Après deux décennies de conflit, la cour d’appel de Paris a finalement rendu son verdict dans le combat qui opposait Laguiole, ville voisine de Chaudes-Aigues, à un particulier qui avait déposé la marque "Laguiole" pour vendre ses produits.
Un combat judiciaire opposant la ville de Laguiole et la marque "Laguiole"

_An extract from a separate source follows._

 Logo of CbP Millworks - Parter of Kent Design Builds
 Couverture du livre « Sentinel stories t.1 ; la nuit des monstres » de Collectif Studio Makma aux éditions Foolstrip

Pendant 20 ans, la lutte a fait rage entre un village de l’Aveyron et un entrepreneur d’Ile-de-France. Le premier, c’est Laguiole, commune à 30 kilomètres au sud de Chaudes-Aigues en région Occitanie, célèbre dans toute la France – et au-delà – pour ses célèbres couteaux du même nom. Le second, c’est M. Gilbert Szajner, un Val-de-Marnais qui, au début des années 1990, déposait le nom du village pour vendre des couteaux sans rapport avec le village éponyme, mais aussi du linge de maison, des engrais ou même des barbecues. L’entrepreneur accordait aussi, contre redevance, des licences à des entreprises françaises et étrangères qui pouvaient alors commercialiser sous le nom "Laguiole", des produits sans lien aucun avec le village.
Du TGI à la Cour de cassation
Ce dernier pan était, pour la ville de Laguiole, la goutte d’eau qui a fait déborder le vase. Comme le rappelle France 3 Occitanie :
[la commune] avait saisi le tribunal de grande instance de Paris en 2010. Celui-ci l'avait déboutée en 2012, jugement confirmé en 2014 en appel. Mais en 2016, la Cour de cassation avait cassé en partie la décision de 2014.
Une stratégie "visant à priver la commune et ses administrés de l’usage du nom Laguiole"
La Justice aura finalement tranché en faveur de la ville. Pour elle, exploiter le nom Laguiole comme l’a fait M. Szajner revient à "induire en erreur le consommateur moyen en lui faisant croire que ces produits étaient originaires de ladite commune". Les juges ont également dénoncé une "fraude" doublée d’une "stratégie visant à priver la commune et ses administrés de l’usage du nom Laguiole".
50 000 euros octroyés au titre du préjudice moral subi par la ville
Vincent Alazard, maire de la ville, n’a pas fait secret de son enthousiasme à la suite de la décision de la cour d’appel de Paris. "Les Laguiolais vont pouvoir déposer le nom Laguiole", ce qui va permettre de "relocaliser de l’activité" dans le village "en développant des produits autour de notre identité", s’est réjoui l’élu. Cerise sur le gâteau : M. Szajner, son fils et leur société Laguiole devront verser solidairement 50 000 euros au village au titre de son préjudice moral, et chacun 20 000 euros au titre des frais de justice. Une compensation qui, si elle a le mérite d’exister, est loin des 5 millions demandés par la ville.
Laguiole et Chaudes-Aigues : la défense de l’Aubrac et d’identités propres
Je suis heureux que Laguiole soit sortie victorieuse de près de 20 années de conflit judiciaire, pour une cause que j’estime juste. Mon propre nom de famille et le village dans lequel je réside – celui de mes ancêtres – est l’illustration de l’attachement que je porte aux questions d’identité et de rattachement à un lieu. Laguiole est aussi, pour moi comme pour tant d’autres, l’illustration de l’excellence artisanale. Ce savoir-faire m’avait inspiré pour la création du couteau Chaudesaigues, fabriqué dans la ville-même de Laguiole. Une façon de dresser un pont entre deux villages partageant des points communs forts : l’Aubrac, et la défense année après année d’un patrimoine unique.